Figure 5. Cleaved γENaC subunit protein abundance is increased by doxorubincin relative to control or Erlotinib-treated animals.

Shown is the γENaC subunit in rat cortex tissue of control rats (Ctrl; white bars), doxorubicin treated rats (Dox; solid black bars), and doxorubicin + Erlotinib treated rats (Dox + Erl; patterned bars). A: Representative immunoblots showing abundance of γENaC in rat cortex tissue lysates. Each lane was loaded with an equal amount of total protein from a different rat. B: Densitometric analysis of western blots from 3 cohorts of animals. Data were normalized for the average densitometry of untreated animals in each group. Separate densitometric analysis was performed for the total, cleaved, and uncleaved γENaC. Left: Total ENaC densitometric analysis. Right: The ratio of cleaved to uncleaved γENaC densitometries. Data are expressed as means ± SE (n = 11, * p<0.05).

Figure 6. NCC and NKCC2 show different responses to doxorubicin and Erlotinib.

Shown are NCC and NKCC2 protein abundances in cortex and outer medullary tissue of control rats (Ctrl; white bars), doxorubicin treated rats (Dox; solid black bars), and doxorubicin + Erlotinib treated rats (Dox + Erl; patterned bars). A: Representative immunoblot showing abundance of NCC in cortex tissue lysates and NKCC2 in outer medullary tissue lysates. An equal amount of total tissue lysate protein from a different rat was loaded into each lane. B: Densitometric analysis of western blots from 3 cohorts of animals. Data were normalized for the average densitometry of untreated animals in each group. Data are expressed as means ± SE (n = 11, * p<0.05).

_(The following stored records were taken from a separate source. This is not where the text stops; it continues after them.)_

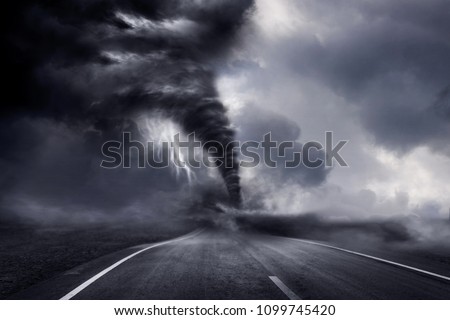 A large storm producing a Tornado, causing destruction. 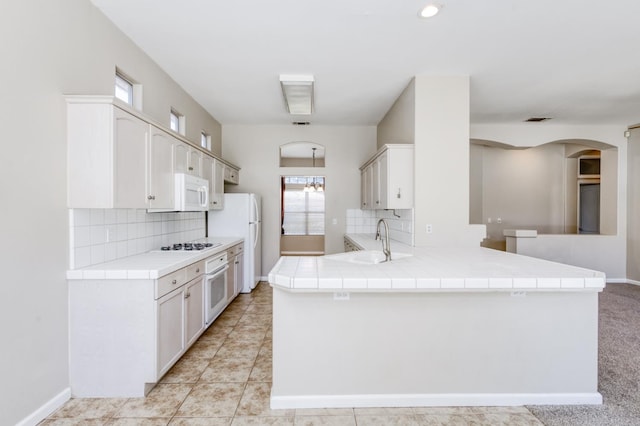 5484 W El Paso Ave, Fresno, CA 93722 - kitchen featuring arched walkways, white appliances, tile counters, and backsplash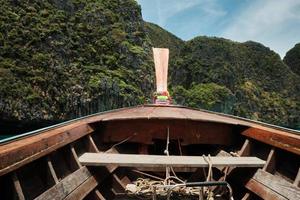 View from a traditional Thai wooden prow boat while floating in the bay provides a tourist with beautiful scenery of the Natural Marine landscape, both mountains and sea in Phi Phi Island. photo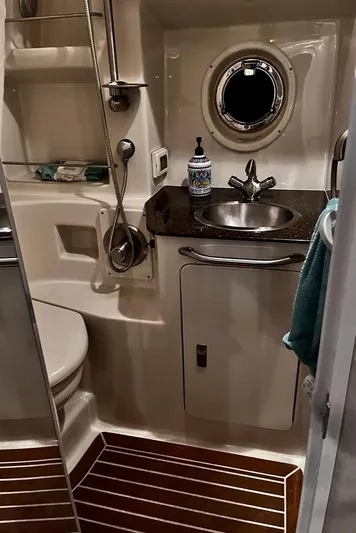  Yacht Photos Pics 2012 Sea Ray 350 Sundancer bathroom with sink, porthole, and wooden floor.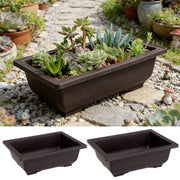 Dark brown rectangular ceramic plant pot filled with green and purple succulents para plantas outdoor use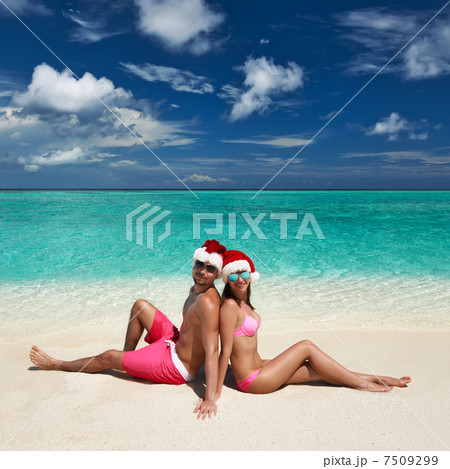 Couple in santa's hat on a beach at Maldives Couple in santa's hat on a beach at Maldives 7509299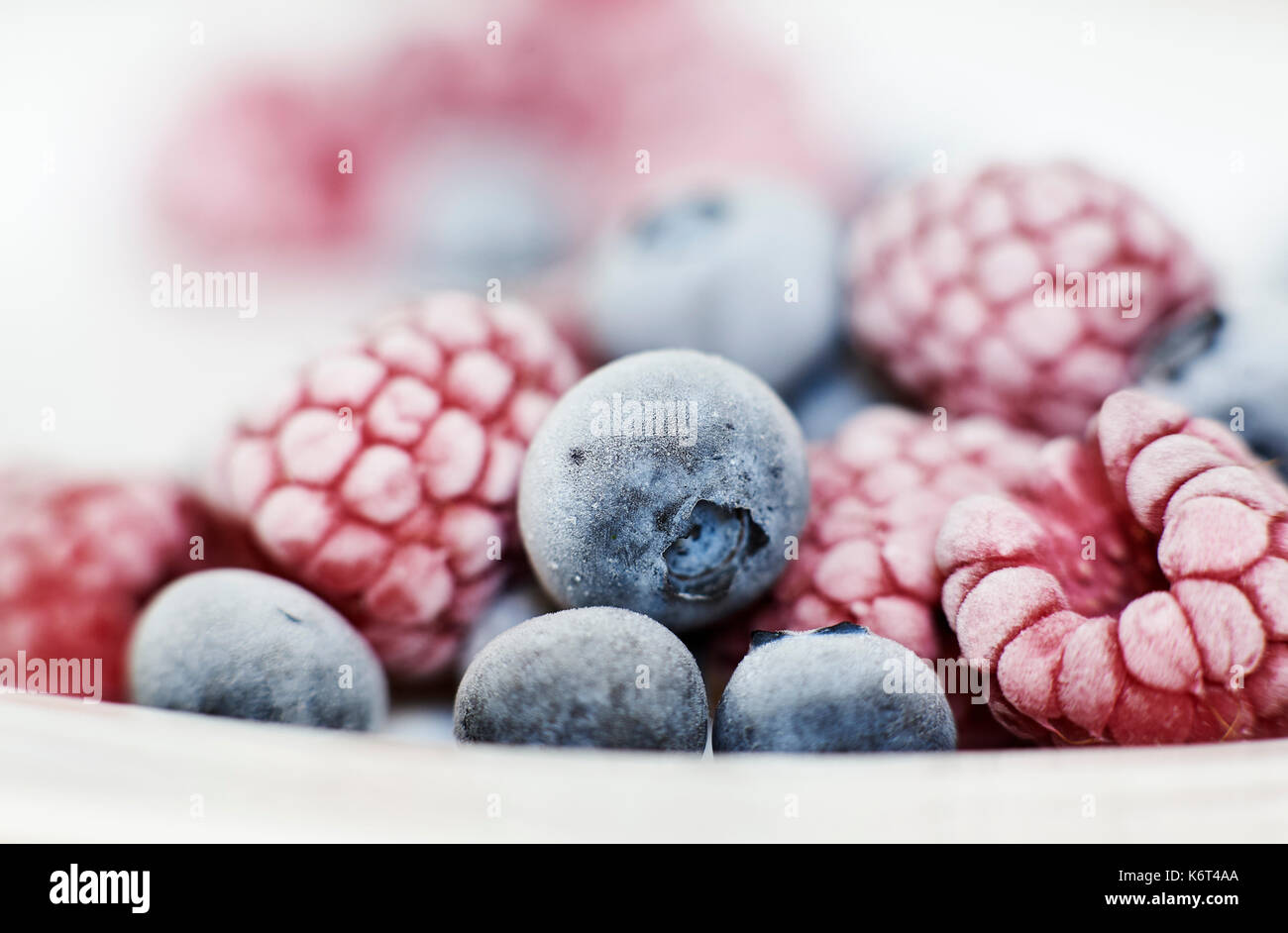 Close up of frozen blueberries and raspberries in a white bowl with frost on the skin of the high in Vitamin C super fruit for breakfast. Stock Photo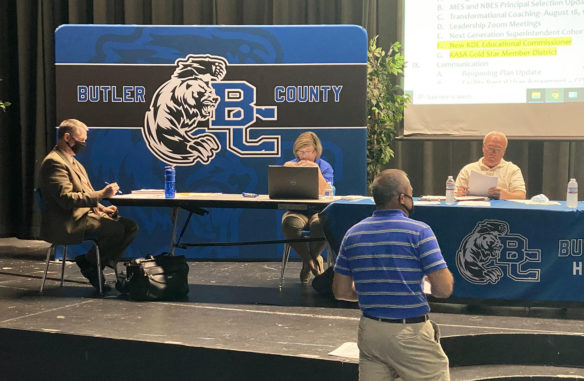 New Butler County Superintendent Robert Tuck, far left, works during a school board meeting July 14.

Figure 7. Doxorubicin decreases AQP2 in inner medulla (IM) and Erlotinib restores levels in IM tip.

Shown: AQP2 protein abundance in IM tip and base tissue of control rats (Ctrl; white bars), doxorubicin treated rats (Dox; solid black bars), and doxorubicin + Erlotinib treated rats (Dox + Erl; patterned bars). A: Representative immunoblots showing abundance of AQP2 in IM tip and base tissue lysates. Each lane containes samples from a different rat. B: Densitometric analysis of western blots from 3 cohorts of animals. Data were normalized for the average densitometry of untreated animals in each group. Data are expressed as means ± SE (n = 11, * p<0.05).